Michał Stachyra aka Puszon (born December 27, 1978, in Kraków, Poland) – polish game designer and publisher, owner of Kuźnia Gier publishing house.

He is author and publisher of RPG, boardgames and card games.

== RPG ==
Stachyra is co-author of:
- Wolsung: Steam Pulp Fantasy: main book and sourcebooks (2009-2015)
- The Witcher: Game of Imagination RPG sourcebook: Novigrad (2002) (set in The Witcher universe)
- Q-10 RPG system

He is an editor of Wolsung books and Polish versions of Savage Worlds, Adventurers and Grey Ranks.
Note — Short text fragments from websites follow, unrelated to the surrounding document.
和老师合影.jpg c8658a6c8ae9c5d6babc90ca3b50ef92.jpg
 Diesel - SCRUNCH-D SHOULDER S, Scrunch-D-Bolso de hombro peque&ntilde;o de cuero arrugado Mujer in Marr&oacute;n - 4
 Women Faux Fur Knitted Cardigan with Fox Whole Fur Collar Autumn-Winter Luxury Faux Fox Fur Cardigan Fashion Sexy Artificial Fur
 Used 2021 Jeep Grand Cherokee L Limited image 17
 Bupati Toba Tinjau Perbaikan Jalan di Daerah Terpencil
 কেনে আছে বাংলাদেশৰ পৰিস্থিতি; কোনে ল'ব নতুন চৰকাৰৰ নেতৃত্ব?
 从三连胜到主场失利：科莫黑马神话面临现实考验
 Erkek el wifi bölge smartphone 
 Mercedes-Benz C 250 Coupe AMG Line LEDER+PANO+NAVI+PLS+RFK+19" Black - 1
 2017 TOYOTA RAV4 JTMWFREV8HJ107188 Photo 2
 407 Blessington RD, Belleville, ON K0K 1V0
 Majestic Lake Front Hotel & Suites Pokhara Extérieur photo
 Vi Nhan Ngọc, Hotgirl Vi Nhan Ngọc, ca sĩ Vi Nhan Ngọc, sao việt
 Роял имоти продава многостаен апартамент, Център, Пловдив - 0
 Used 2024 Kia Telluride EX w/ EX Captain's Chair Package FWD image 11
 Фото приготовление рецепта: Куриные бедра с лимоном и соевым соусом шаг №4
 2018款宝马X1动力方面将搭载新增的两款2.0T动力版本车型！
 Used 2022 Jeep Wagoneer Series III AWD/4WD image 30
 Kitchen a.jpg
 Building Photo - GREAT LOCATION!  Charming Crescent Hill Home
== Board and card games ==
Michał Stachyra is an author of more than 20 board and card games:
Aktywuj Warszawę, Erynie, Evolutio!, Fandoom, Gazociągi: Gra o inwestycje, Grunwald: Walka 600-lecia, Intryga 13th Street, Iwigilacja - gra towarzyska, Inwigilacja luksusowa, Kapitan Bomba, Kogeneracja, Kung Fu, Labirynt Czarnoksiężnika, Magiczna Warka, Na sygnale, Pirates 2ed: Governor's Daughter, Pioniersi, Polowanie na Trolla, Process legislacyjny - gra planszowa, Rice Wars, Ryzykanci: Koleje Fortuny, Troja, Tropem Dębowego Liścia, Veto, Veto: the Boardgame, Wiochmen Rejser, The Witcher card games Wiedźmin - Przygodowa Gra Karciana and the promotional Wiedźmin game included in the first computer game, Wolsung: the Boardgame, Wypas.

== Awards ==
Stachyra won Śląkfa Award (2009) and Identyfkatory Pyrkonu Award (2015)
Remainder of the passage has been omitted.